C'est donc un précédent grave qui n'épargne guère le pays de lendemains de soubresauts, les rancoeurs ne pouvant que s'accentuer et se renforcer. C'est souvent en Afrique qu'on peut assister à un aussi désolant spectacle en matière de gouvernance politique. Et le plus regrettable, c'est qu'il s'agit de l'Ethiopie ; un pays censé incarner l'idéal démocratique et l'unité du continent. Ce pays qui abrite le siège de l'Union, devait donner l'exemple et indiquer la voie à suivre. En se dérobant à cette mission de haute exigence citoyenne et en s'engageant dans la voie des turpitudes, l'Ethiopie a failli et cela est très dommageable non seulement pour elle-même, mais aussi pour le continent tout entier.
Le moins qu'on puisse dire, c'est que cette décision de justice est anachronique. Et comme toujours, peu de voix s'élèvent de l'intérieur du continent pour la dénoncer. Il n'y a eu que quelques timides réactions d'organisations de défense des droits de l'homme et des Etats-Unis. Ce pays est un allié historique du régime éthiopien; on peut donc aisément imaginer qu'il n'ira pas plus loin dans les condamnations.
Pour des manifestations populaires suite à des élections contestées, condamner des opposants à des peines aussi lourdes après les avoir accusés de "complot contre la Constitution", est très grave.
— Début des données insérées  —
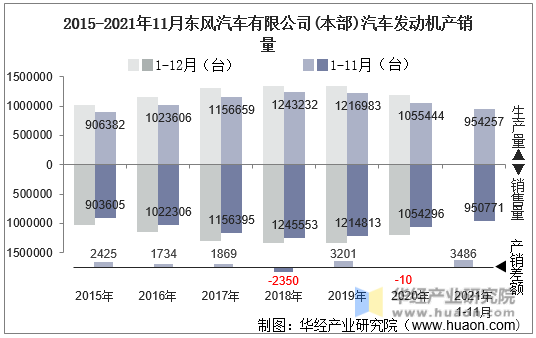 2015-2021年11月东风汽车有限公司(本部)汽车发动机产销量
Et le procureur qui a poussé l'outrecuidance jusqu'à requérir la peine de mort pour ces prisonniers de conscience qui n'ont eu pour seul péché que leur différence d'opinion, devrait avoir honte de son serment. Face à d'aussi graves manquements, l'accord de siège de l'Union africaine aurait pu être remis en cause par les dirigeants africains.
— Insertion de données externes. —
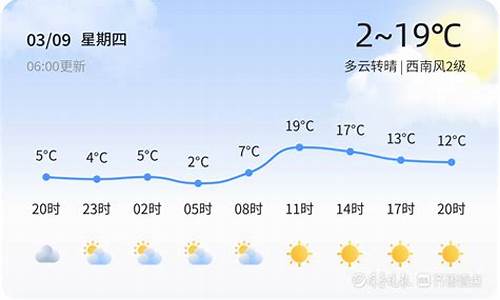 福山天气_福山天气预报15天当地天气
Les reliques de ce régime issu d'un groupe rebelle ayant combattu la junte militaire du Derg persistent. Il n'a visiblement pas réussi sa mue pour devenir un régime démocratique soucieux de la protection des droits élémentaires des citoyens. Que demandent, en fait, les citoyens africains ? Des élections transparentes et régulières, une justice indépendante et une juste répartition des richesses du pays. Rien de plus. Et c'est cela que nombre de dirigeants sur le continent ne réussissent pas à réaliser. Quand ils échouent et n'ont plus rien à proposer à leurs concitoyens, ils deviennent très frileux et hostiles à toute critique. L'embastillement des opposants devient la solution ultime à laquelle ils s'accrochent. Ce type d'image, on ne le dira jamais assez, n'honore pas l'Afrique et il est sans doute temps que cela change. Un nouveau vent doit souffler sur le continent. Pour ce faire, il faut absolument civiliser le débat politique. L'action politique doit sortir de l'animalité dans laquelle certains politiciens tentent de la maintenir pour revêtir un visage humain.